Horse Slaughter

Federal and State Horse Haters Lock Out Media and Advocates from Utah Sponsored “Slaughter-fest”

Article by Max Roth of Salt Lake Fox 13

“Propaganda, Lies and Deceit Permeate Secret Wild Horse and Burro Planning Meeting to Organize Murder and Extermination of National Icons”

Click on Image to View Video

SALT LAKE CITY — Wild horses bring out the romance and the longstanding divisions at the heart of the American West, and that dynamic was clear as the Bureau of Land Management, the State of Utah, and a number of private and non-profit groups met in a closed-door meeting in downtown Salt Lake City to discuss the animals’ fate.

The deputy chief of staff to Utah Governor Gary Herbert expressed both the romance and the sense of cold reality.

“We love them and they’re an iconic part of our landscape,” Mower said, adding, “There’s just simply not enough feed for the horses and not enough water.”

A collection of Wild Horse advocates gathered on the sidewalk outside of the Marriott Hotel, where the Wild Horse and Burro Summit was taking place.
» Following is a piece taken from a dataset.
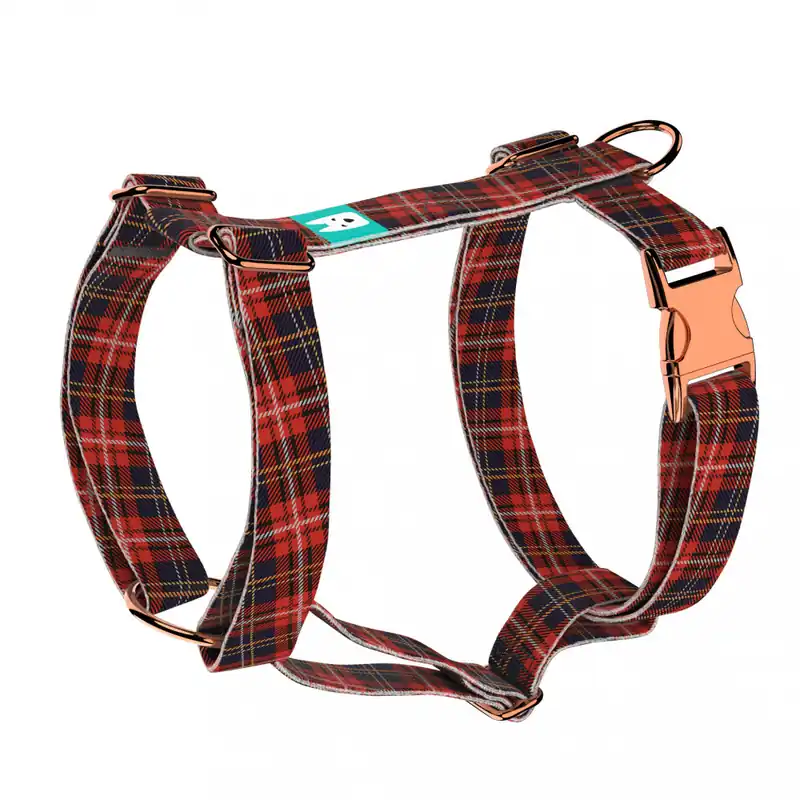 Kedvezményes ár Klasszikus Piros Kockás - Kutyahám és Macskahám - Classic Christmas Tartan Red - april & june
“I serve on the BLM’s national wild horse advisory board as their humane advisor and yet I was not invited,” said Ginger Kathrens, a filmmaker and Executive Director of The Cloud Foundation.
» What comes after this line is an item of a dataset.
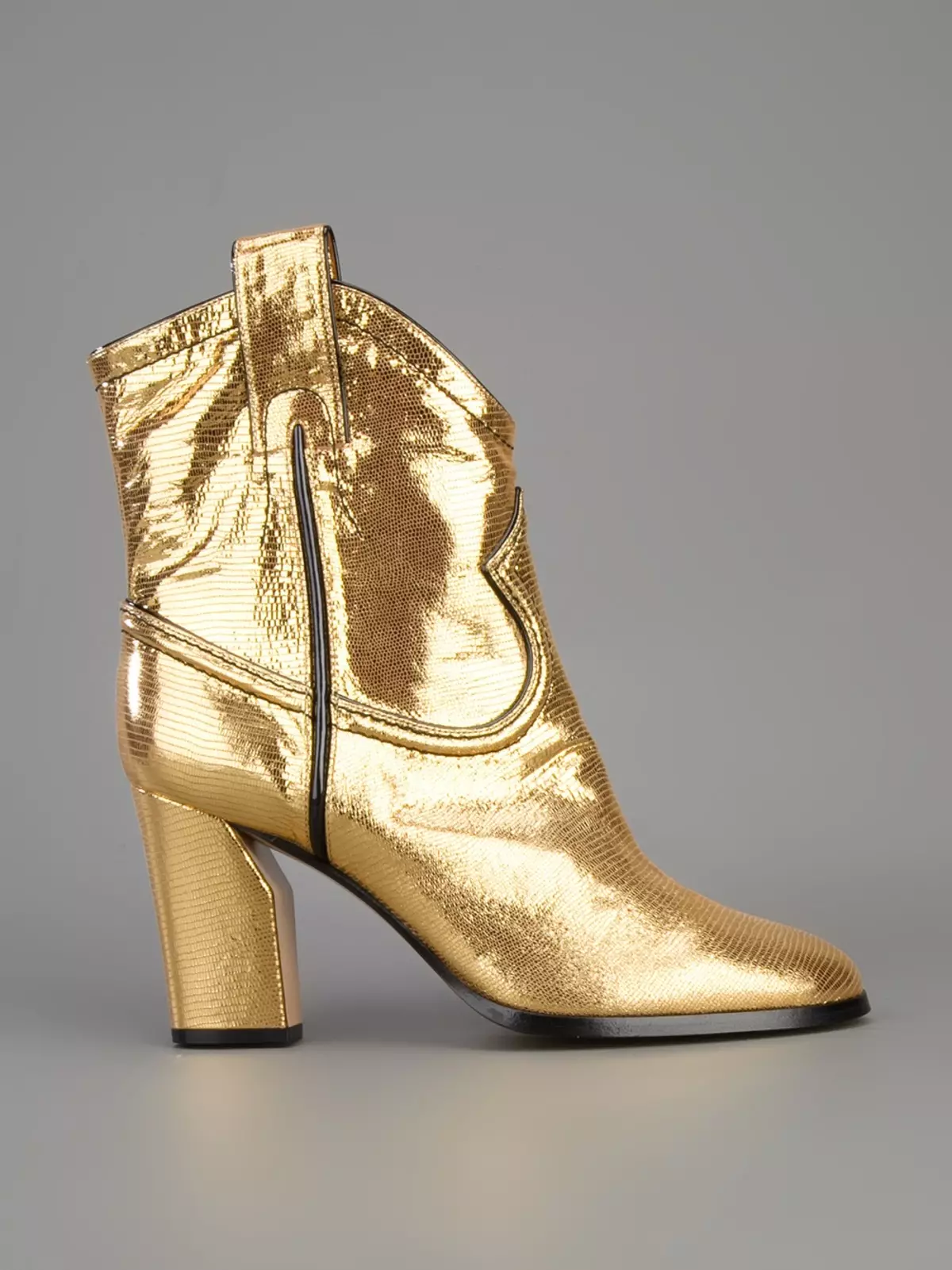 Çizme ari (49 foto): modelet e dimrit me hundë të artë casadei 2209_32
Alongside Kathrens were representatives from the Wild Horse Campaign, the Salt River Wild Horse Management Group, and a number of Utah volunteers like Shauna Muztafago.

“I felt compelled to be here today to be a voice to those who have no voice,” said Muztafago, who took the day off from her job at a mortgage company to protest the event she couldn’t attend.

The Director of the Utah Department of Natural Resources, Michael Styler, said his goal is all about being humane to the horses.

“They’re running out of feed. They’re running out of water. How could you be so heartless as to let horses starve or die of thirst by mismanagement?” Styler asked.

The state and the Bureau of Land Management say sustainable population levels for wild horses are somewhere near 27,000 animals and the current population is closer to 73,000.

The advocates who were not invited to the meeting say those numbers are more a reflection of the government’s priority on profitable livestock over wild horses. They cite a 2013 study conducted by the National Academy of Science that found no basis for the 27,000 horse population target. They also cite their own work with horses.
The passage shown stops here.